RE Royalties - The Powerhouse from Vancouver
- RE Royalties

- 4 days ago
- 2 min read
An opinion piece by Matthias Schomber (Apaton Finance GmbH).
When shifting the focus from the volatility of hydrogen stocks to RE Royalties, one enters a world of structured returns. While others are still building their production halls and factories, RE Royalties is already reaping the rewards. The company has a compelling model in the renewable energy sector. As a licensor, RE Royalties provides the capital for projects and receives a share of revenue in return. A look at the company's latest presentation reveals its enormous stability, as the team has a track record of 25 consecutive quarters of dividend payments. Now that is quite a statement. After all, the hydrogen sector is typically still better known for burning through money. With a total of 122 licenses in its portfolio, the company is broadly diversified. From solar and wind to battery storage, it covers everything associated with the green future. Its recognition as one of Canada's "Globe and Mail Top Growing Companies" is therefore no coincidence.

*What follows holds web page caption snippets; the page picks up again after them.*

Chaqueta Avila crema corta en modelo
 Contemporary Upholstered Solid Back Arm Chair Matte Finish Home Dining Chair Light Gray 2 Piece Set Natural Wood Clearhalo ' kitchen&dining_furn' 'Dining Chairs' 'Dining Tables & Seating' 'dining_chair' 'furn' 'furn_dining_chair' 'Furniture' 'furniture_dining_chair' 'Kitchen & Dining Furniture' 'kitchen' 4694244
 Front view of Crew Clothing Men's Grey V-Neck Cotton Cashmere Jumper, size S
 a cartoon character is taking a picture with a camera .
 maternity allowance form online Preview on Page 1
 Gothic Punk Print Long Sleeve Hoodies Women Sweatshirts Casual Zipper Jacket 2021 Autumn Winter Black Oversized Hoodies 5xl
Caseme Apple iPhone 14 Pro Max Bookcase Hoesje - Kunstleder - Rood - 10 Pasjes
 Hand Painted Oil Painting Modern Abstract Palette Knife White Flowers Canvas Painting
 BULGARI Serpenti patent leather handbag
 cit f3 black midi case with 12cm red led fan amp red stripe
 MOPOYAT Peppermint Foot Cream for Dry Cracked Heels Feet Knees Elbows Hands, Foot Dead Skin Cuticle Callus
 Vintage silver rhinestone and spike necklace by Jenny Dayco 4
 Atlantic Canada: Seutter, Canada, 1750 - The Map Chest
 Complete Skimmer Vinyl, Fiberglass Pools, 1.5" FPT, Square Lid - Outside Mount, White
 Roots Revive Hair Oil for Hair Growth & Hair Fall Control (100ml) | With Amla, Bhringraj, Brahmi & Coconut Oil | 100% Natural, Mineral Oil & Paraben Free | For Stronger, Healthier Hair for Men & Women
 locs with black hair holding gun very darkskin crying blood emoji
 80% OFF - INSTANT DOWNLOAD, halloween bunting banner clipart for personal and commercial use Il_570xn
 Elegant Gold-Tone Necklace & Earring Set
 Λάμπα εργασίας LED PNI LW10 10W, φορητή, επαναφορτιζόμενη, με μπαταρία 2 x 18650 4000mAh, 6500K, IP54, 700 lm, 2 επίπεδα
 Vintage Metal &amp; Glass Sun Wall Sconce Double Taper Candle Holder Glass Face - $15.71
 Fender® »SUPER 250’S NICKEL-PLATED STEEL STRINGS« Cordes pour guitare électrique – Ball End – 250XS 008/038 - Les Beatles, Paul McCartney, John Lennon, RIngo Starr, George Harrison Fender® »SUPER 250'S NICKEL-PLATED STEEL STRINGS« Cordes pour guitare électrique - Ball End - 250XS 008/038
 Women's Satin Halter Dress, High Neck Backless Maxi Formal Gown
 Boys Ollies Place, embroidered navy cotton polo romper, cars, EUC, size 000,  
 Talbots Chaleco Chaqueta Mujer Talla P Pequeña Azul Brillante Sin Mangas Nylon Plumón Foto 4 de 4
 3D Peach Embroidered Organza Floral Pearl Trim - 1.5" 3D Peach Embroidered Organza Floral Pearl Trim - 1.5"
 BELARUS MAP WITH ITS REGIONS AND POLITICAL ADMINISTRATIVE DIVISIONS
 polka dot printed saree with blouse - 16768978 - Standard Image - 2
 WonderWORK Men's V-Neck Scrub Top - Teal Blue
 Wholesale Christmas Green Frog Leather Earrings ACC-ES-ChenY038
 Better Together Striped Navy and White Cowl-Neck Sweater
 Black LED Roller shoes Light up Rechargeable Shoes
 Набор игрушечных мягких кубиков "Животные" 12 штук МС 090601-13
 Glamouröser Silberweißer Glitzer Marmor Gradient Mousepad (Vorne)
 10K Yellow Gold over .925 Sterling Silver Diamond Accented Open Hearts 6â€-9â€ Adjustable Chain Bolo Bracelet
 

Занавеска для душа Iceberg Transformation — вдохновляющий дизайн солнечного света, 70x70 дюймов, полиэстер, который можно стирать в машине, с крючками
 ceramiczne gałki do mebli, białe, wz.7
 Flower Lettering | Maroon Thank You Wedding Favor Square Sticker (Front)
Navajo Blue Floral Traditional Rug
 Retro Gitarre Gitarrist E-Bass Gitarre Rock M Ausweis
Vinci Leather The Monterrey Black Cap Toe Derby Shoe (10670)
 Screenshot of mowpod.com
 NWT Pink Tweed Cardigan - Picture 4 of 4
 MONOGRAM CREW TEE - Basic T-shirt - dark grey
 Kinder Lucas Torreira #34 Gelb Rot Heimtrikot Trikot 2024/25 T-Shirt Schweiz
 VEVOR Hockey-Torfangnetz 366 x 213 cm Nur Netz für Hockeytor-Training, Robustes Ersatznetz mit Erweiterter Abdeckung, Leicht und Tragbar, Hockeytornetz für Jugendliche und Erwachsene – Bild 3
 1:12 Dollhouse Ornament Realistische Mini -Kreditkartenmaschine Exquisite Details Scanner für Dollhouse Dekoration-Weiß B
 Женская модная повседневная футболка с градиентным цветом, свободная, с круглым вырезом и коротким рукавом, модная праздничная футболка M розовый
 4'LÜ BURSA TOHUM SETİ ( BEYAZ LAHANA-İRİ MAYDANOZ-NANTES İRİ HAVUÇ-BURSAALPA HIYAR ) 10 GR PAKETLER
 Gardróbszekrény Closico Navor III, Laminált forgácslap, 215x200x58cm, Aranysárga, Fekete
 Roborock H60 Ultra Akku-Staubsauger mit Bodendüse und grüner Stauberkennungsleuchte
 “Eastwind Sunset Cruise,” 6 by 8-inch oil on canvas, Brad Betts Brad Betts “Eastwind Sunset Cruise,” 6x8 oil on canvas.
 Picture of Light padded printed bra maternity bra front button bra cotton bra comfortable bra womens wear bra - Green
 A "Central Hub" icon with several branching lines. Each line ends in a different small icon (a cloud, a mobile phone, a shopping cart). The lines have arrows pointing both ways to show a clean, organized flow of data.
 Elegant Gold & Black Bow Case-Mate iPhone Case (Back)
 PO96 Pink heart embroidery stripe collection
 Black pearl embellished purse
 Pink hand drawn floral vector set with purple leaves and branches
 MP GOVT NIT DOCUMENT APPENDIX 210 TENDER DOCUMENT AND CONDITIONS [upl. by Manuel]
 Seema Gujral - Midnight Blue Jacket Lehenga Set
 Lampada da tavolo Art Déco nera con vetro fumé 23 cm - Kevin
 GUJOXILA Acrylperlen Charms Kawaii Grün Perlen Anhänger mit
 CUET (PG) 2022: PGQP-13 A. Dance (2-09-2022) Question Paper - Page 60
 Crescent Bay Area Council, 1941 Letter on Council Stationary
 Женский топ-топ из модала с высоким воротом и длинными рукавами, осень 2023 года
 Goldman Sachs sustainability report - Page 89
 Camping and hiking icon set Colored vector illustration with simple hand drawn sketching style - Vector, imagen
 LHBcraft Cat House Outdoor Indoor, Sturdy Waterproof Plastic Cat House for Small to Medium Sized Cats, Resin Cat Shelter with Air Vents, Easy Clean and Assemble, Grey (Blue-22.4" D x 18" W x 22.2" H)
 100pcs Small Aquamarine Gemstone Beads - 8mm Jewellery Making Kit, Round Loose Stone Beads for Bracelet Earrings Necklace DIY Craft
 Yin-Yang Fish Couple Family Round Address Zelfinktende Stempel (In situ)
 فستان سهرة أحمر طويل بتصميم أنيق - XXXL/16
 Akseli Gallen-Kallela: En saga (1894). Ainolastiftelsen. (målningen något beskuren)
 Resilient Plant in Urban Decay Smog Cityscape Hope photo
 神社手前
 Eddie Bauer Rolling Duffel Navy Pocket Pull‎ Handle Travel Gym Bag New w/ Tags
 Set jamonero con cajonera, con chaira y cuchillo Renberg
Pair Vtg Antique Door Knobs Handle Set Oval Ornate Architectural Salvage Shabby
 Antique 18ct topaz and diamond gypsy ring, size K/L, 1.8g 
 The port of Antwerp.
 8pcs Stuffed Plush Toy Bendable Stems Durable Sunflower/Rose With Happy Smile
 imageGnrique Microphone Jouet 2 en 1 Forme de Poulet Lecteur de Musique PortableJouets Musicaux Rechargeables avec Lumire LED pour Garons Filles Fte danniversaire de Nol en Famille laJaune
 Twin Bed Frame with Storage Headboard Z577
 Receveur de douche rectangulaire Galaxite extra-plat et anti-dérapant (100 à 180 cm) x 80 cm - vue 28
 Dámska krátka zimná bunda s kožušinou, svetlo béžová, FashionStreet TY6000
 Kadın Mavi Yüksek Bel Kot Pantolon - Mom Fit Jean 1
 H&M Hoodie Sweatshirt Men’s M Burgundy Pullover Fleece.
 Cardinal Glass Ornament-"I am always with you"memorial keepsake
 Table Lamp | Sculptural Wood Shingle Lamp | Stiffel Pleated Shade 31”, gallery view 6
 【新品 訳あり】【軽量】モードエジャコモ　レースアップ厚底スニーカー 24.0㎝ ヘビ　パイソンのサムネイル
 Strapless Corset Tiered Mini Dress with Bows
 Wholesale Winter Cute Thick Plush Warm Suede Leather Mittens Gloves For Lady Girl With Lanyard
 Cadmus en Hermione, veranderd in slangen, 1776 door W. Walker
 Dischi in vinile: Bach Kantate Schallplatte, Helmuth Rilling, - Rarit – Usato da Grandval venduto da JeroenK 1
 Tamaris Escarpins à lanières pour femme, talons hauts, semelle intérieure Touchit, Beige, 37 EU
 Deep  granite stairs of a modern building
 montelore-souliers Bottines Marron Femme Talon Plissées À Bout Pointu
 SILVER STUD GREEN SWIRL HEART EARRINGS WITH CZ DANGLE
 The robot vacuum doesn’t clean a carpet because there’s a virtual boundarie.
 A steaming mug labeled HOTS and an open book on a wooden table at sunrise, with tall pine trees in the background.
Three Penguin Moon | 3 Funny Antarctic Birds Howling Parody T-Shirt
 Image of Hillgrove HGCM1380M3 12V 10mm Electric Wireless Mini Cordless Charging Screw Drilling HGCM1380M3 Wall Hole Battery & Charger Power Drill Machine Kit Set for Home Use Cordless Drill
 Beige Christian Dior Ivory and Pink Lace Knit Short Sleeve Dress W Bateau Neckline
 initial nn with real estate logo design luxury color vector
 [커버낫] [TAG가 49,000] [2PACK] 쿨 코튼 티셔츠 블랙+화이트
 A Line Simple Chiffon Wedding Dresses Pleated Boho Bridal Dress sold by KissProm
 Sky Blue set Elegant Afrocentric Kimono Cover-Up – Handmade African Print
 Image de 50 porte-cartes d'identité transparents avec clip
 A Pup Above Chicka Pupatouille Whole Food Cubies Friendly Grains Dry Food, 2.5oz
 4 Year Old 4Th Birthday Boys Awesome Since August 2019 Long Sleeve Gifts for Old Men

The latest news underscores this expansionary course. On February 9, 2026, the company announced that it had invested an additional $800,000 in Solaris Energy's U.S. solar portfolio. The total investment is expected to reach up to $9 million. For RE Royalties, this deal means long-term revenue over 25 years from projects in states like California and Maine. Peter Leighton, the COO, makes it clear that the focus here is on quality. The company works with professionals to finance the transition to a low-carbon energy system while offering shareholders an attractive return. It is precisely these steady, contractually secured cash flows that already distinguish RE Royalties from the highly speculative technological bets of companies like Nel ASA or ITM Power.